At graduations around the country six months from now, high-roller speakers will tell the kids that they must bring passion to whatever they do in life.
“It doesn’t matter if you are the president or a garbage man,” they will say, “your passion will define true success.”
They will say that, though not one of the invited graduation speakers will be a garbage man.
I was heading out to work early enough to bump into our garbage man. He was tossing the bags into the back of the truck, where the flotsam and jetsam of our lives would be grounded up into recyclable something or other. He’s a young looking, nice guy.
“Hope you like that I put the empty cans right by the garage door!” he said. “Sure do,” I answered. “Saves me from hauling them any farther than this old back has to.” He laughed.
The retirement thing is happening to me.
About the time you read this, I will be officially sleeping in when the young man comes to get the trash.
There are a lot of things I have promised to do in my retirement.
The Liturgy of the Hours is high on the list, along with the usual suspects: grandkids, exercise, reading, writing this column. Some useful human and spiritual service, I hope.
But I confess that though I am retiring by choice, I am still suffering through mixed emotions as it stands right in front of me.
My first job was when I was about 10. Generally speaking, I’ve been at it ever since.
I’ve done jobs that people don’t do much anymore — setting bowling pins, soda-jerking, delivering the afternoon daily house-to-house.
I’ve given tennis lessons, taught history classes and written newspaper stories. I’ve worked with my hands; I’ve worked with my back; I’ve worked with my head.
My son told me that an old fellow he knows said to him that the hardest part of retirement is that you never get a day off. Which makes me worry that I might reach a point where I won’t know what to do with myself.
The Old Man didn’t do retirement well. In his day, he had no choice — 65 and he was out.
He had loaded stuff on ships, sung in bars, played semi-pro baseball and was an executive with a bank for decades. And then one day it was all over and he raged against the dying of the light.
The Old Man taught me a lot of lessons. One is that you have to let the rage go while you keep the light flickering.
I’ve been blessed in just about everything I’ve been allowed to work at in my life.
But the one truth I’ve found in all the decades of working has nothing to do with passion.
It’s simply this: God’s daily gifts to us are the people who touch our lives.
One key to retirement is not to isolate ourselves from those gifts.

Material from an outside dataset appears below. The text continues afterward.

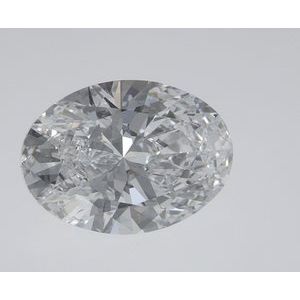 1.07ct OVAL Diamond - 500109050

Each of us has as a goal to find our vocation and live it. That’s why the Church speaks so often of the dignity of work.
Our work is a vocation, a gift and a grace. It is a sharing in God’s creation.
But at the same time, our work is not our whole life. We don’t just share in God’s creation. We also need to enjoy God’s creation.
“The Sabbath was made for man, not man for the Sabbath” (Mk 2:27).
Maybe retirement is made for man, not man for retirement.
After wishing each other a good day, the garbage man got back to work and I got back to driving to work. He waved; I tapped the horn gently since the sun was barely on the horizon.
If anybody needs to arrange for a graduation speaker, have I got a guy for you.
Robert P. Lockwood writes from Pennsylvania.